What’s The Deal With Rust?
Just because your fence is made of metal doesn’t necessarily mean you have to fear rust. Not all fences are created equal when it comes to rust.
If you have any piece of indoor or outdoor furniture or fixture that is made out of metal, you may have already seen what rust can do to it. Some people even have these sorts of problems on their cars where dents or scratches have gone through the protective coating. You know the signs: reddish-orange, flaking pieces of rusted metal, slowly creeping over the entire piece. Rust does not just damage the metal itself; it can actually damage the structure of the metal piece if the rust goes to the wrong areas.
Interestingly, not all metal fixtures will succumb to this type of rust. If you have been considering getting your feet wet in the world of aluminum fences or driveway gates, you don’t need to fear this traditional rust. To put it simply, rust rusts differently on a powder-coated aluminum fence.
That might sound a bit puzzling, so let’s take a closer look at the process. Traditionally, rust comes about due to moisture setting off a reaction in certain metals, namely iron and steel. Any water or moisture begins this reaction, causing metal to slowly deteriorate and eventually begin flaking off. This type of rust can be halted by removing all parts of the metal that have begun the rust-forming reaction.
The science of aluminum fence corrosion
Aluminum fences are not made with iron or steel, so they do not rust in the traditional sense of the word. Moisture or wetness does cause a reaction in aluminum, but this reaction is not as detrimental to the metal as rust is to iron or steel.
The reaction that occurs with aluminum is called oxidation, and it actually has the opposite effect of traditional rust. Aluminum oxidation creates a thin layer of a string material covering the water-logged area. Instead of a dark orange, flaky surface, the aluminum in this area turns into a stronger material!
Moreover, the area that was wet will be the only area that experiences this reaction. Once the reaction had occurred, there will be no moving reaction into other parts of the aluminum piece. This is what makes aluminum the most ideal type of material for outdoor fences.

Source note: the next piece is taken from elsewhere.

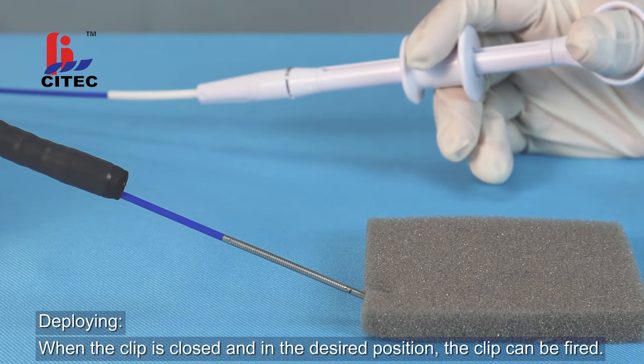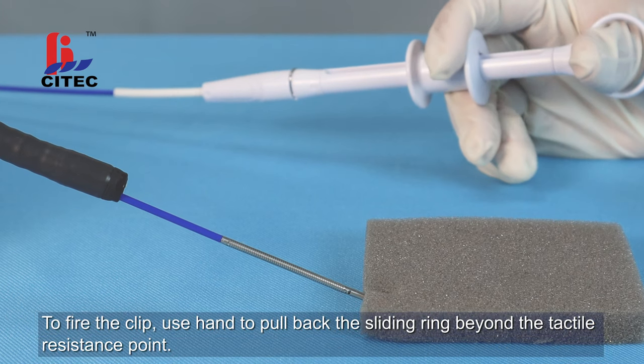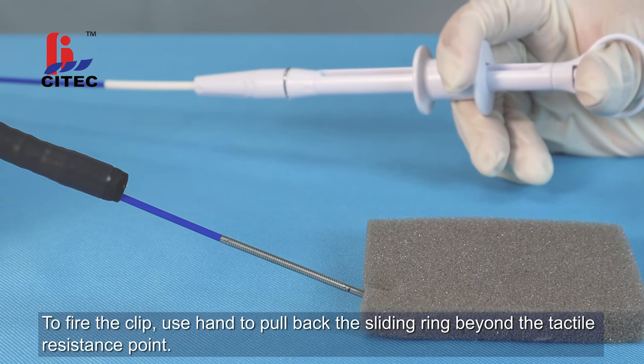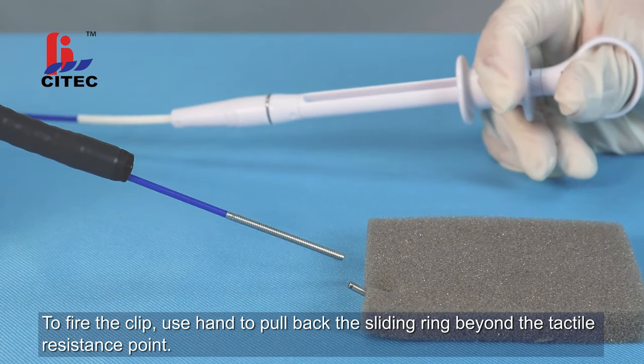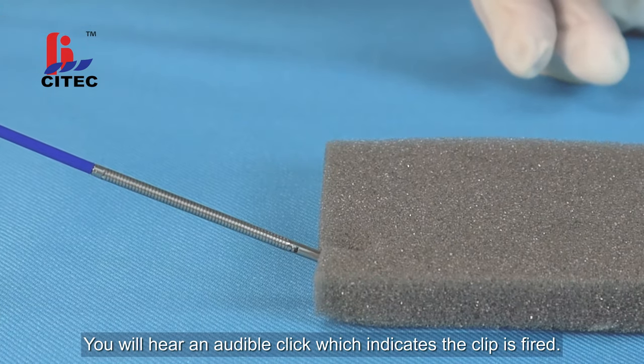When the clip is closed and in the desired position, the clip can be fired. To fire the clip, use a hand to pull back the sliding ring beyond the tactile resistance point. You will hear an audible click, which indicates the clip is fired.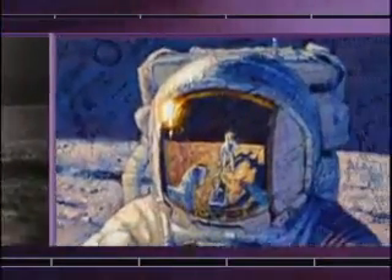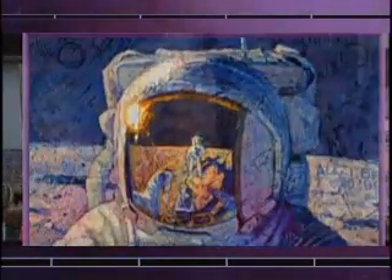Someday, maybe, it'll be a great place for vacation. We're all born about three or four or five hundred years too soon.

Avoiding rust at all costs
Any fence should come with special coatings to help stop any type of unsightly rust or corrosion. Aluminum fences in particular come with a special powder coating that successfully protects the aluminum from even beginning the oxidation process.
When it comes to an aluminum fence, minimal upkeep is needed. It is recommended that you check over the fence once a year or once a season, depending on how extreme the weather is in your area. This will ensure the coating is still in place and there are no areas where the coating could be scratched. A scratched surface means moisture can make its way through to the metal.
Now you know that it isn’t the end of the world—or your aluminum fence—if the coating is scratched because the oxidation process only makes it stronger. However, it can still be unsightly, hence the need to check that the coating and the fence are in pristine condition season after season.